Formatting data into the SignalFx metrics schema

When you create a data pipeline in the to send data to a SignalFx endpoint using the Send Metrics Data to SignalFx sink function, you must make sure that the data is compatible with the SignalFx metrics schema. Search for "The SignalFx Data Model" in the SignalFx Developers Guide for more information.

The following diagram shows how your DSP metrics are transformed to be compatible with the SignalFx metrics schema.

In this case, the specific dimensions and type values of the record override the defaultDimensions and defaultType values.

Example: Send metrics.log data from the Splunk universal forwarder to SignalFx

The Splunk universal forwarder logs metrics.log data by default. Using DSP, you can process and send metrics.log data to SignalFx to troubleshoot your inputs and review product behavior.

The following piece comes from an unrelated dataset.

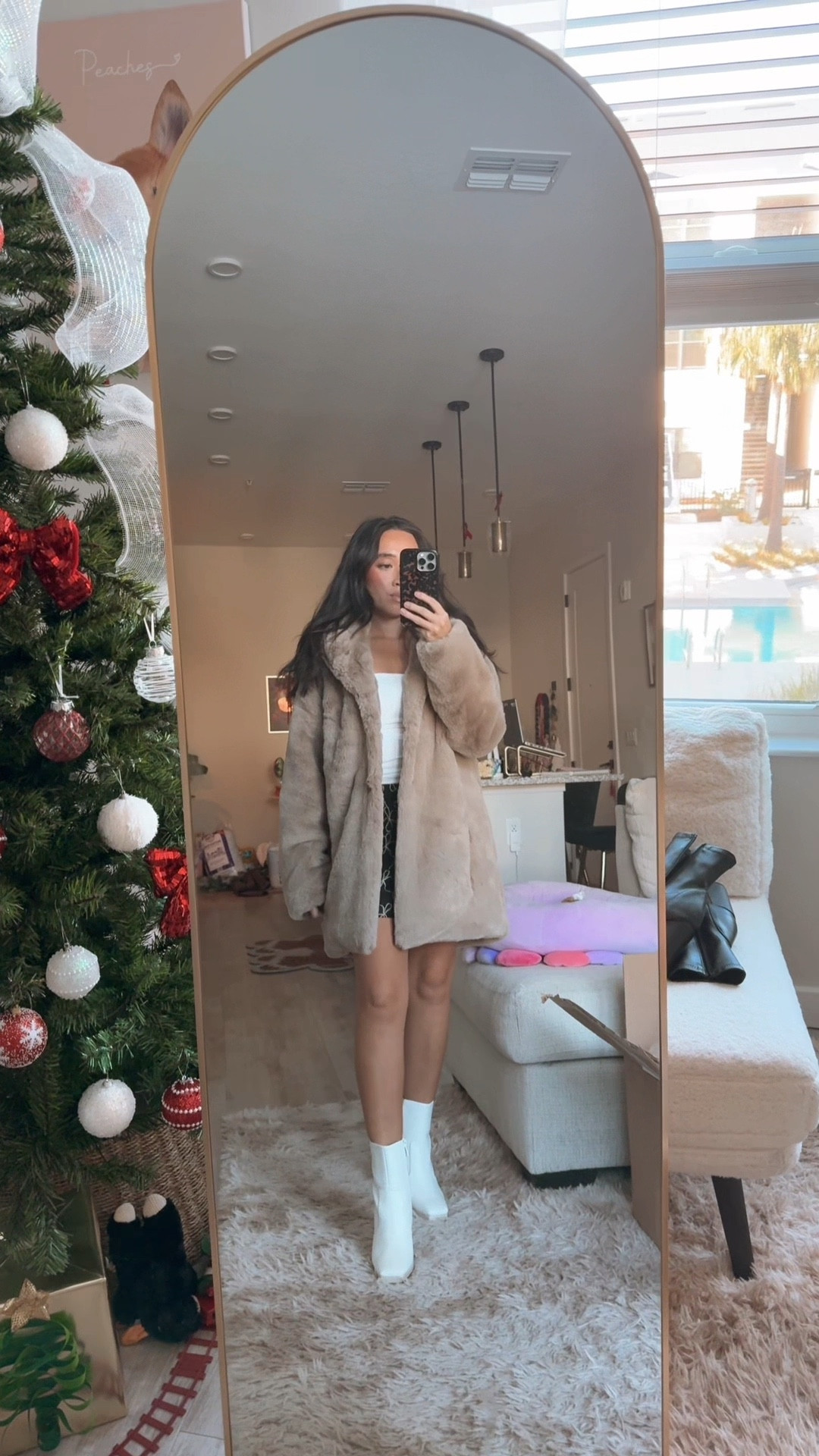Abercrombie Haul ✨✨🛍️ 
Items I bought from their Cyber Monday sale but in case you missed it they’re currently doing 20% off of everything! 

Size Reference, I am 5’0 

Abercrombie Haul, Winter Jackets, Winter Fashion, Petite, Petite Coats

#LTKHoliday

See About metrics.log in the Splunk Enterprise Troubleshooting Manual for more details. This example shows you how to do the following tasks:

Split the incoming stream of metrics.log data into individual records.
Extract the timestamp from the event body and use the extracted value as the timestamp of the event itself.
Extract nested maps in your metrics.log data and assign the extracted data to top-level fields.
Expand multivalue fields and drop fields from your records to make them compatible with the SignalFx metrics schema.
Send your transformed data to SignalFx.

Prerequisites

A SignalFx connection. See Create a DSP connection to SignalFx.
A properly configured Splunk universal forwarder. See Create a DSP connection to a Splunk forwarder.

Best practices

Follow these guidelines to get a better experience building your SignalFx metrics pipeline in DSP:

Rename your functions to keep track of their roles because you might use multiple instances of the same function in your pipeline.
When previewing the data, switch to the List view for better layout of the JSON format:

In the Preview Results tab, on the navigation bar, click Table.
Select List from the drop-down menu.

Steps

Log data can be converted to metrics in many different ways. The data extraction approaches in steps 7 and 8 are examples particular to metrics.log data from a particular Splunk universal forwarder, not best practices that apply to all scenarios. Adjust your pipeline according to the format of your own records for accurate data transformation.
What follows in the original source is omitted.